Pod rescheduling after a node failure with RKE and Kubernetes

Some days ago I installed a new Kubernetes Cluster based on Rancher Kubernetes Engine. After some tests, I realized that my pods were not rescheduled after a node failed. At least not as fast as they should.

In this post, I would like to share some outcomes as well as insights. Thanks to Sebastiaan van Steenis from Rancher who helped me to debug this issue.

Kubernetes logo

As I knew it

Let’s assume we are running a Kubernetes Cluster based on Kubernetes 1.12 (or lower) provisioned by RKE with no additional configurations. In this case, a pod rescheduling after a Node failure can take up to 5+ minutes (details are described here).

Because 5+ minutes might be too long in some environments there is an easy solution to overwrite the default with lower settings. You need to update your cluster.yml with the following parameters (more details here):

services:
kube-controller:
extra_args:
node-monitor-period: Xs
node-monitor-grace-period: Xs
pod-eviction-timeout: Xs
kubelet:
node-status-update-frequency: Xs

Afterward, you will need to run a “rke up” to update your cluster configuration. After this, your pods will be rescheduled based on your new values.

As it was in this case

This time, I took exactly the same steps as mentioned above, but my pods behaved as if I hadn’t adjusted the values. I redeployed the cluster several times and changed different settings. After some time I realized that I installed the latest available versions which in my case was Kubernetes 1.13.4. After some chats with Sebastiaan, we finally found the root cause as well as the solution.

Kubernetes 1.13 introduced “Taint based Evictions” as a new beta feature which is enabled by default. Based on this taints are automatically added by the NodeController in case of any node failures. The old behavior based on the nodes ready state is not active anymore (more details are available here).

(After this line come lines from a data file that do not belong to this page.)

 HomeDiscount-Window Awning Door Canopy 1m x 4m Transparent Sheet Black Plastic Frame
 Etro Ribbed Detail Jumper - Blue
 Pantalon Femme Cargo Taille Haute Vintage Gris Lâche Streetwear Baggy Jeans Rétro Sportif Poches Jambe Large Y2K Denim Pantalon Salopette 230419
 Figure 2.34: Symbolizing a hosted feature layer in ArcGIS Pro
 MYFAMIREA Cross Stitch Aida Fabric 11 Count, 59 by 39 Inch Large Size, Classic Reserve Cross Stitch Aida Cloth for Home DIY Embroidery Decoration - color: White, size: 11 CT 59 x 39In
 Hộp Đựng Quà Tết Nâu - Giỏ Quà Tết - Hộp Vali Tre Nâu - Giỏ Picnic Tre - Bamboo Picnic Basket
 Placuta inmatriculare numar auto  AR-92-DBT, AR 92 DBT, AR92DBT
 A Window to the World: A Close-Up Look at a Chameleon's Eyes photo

Because of the new feature, the “pod-eviction-timeout” parameter isn’t used anymore and needs to be replaced with two new parameters:

services:
kube-controller:
extra_args:
node-monitor-period: Xs
node-monitor-grace-period: Xs
kubelet:
node-status-update-frequency: Xs
kube-api:
extra_args:
default-not-ready-toleration-seconds: X
default-unreachable-toleration-seconds: X

With those two default toleration parameters, Kubernetes will automatically add a toleration configuration to every pod. Therefore it is very important to redeploy all pods to ensure the toleration is added to all of your pods:

tolerations:
- effect: NoExecute
key: node.kubernetes.io/not-ready
operator: Exists
tolerationSeconds: 30
- effect: NoExecute
key: node.kubernetes.io/unreachable
operator: Exists
tolerationSeconds: 30

Thanks again to Sebastiaan for helping with this issue.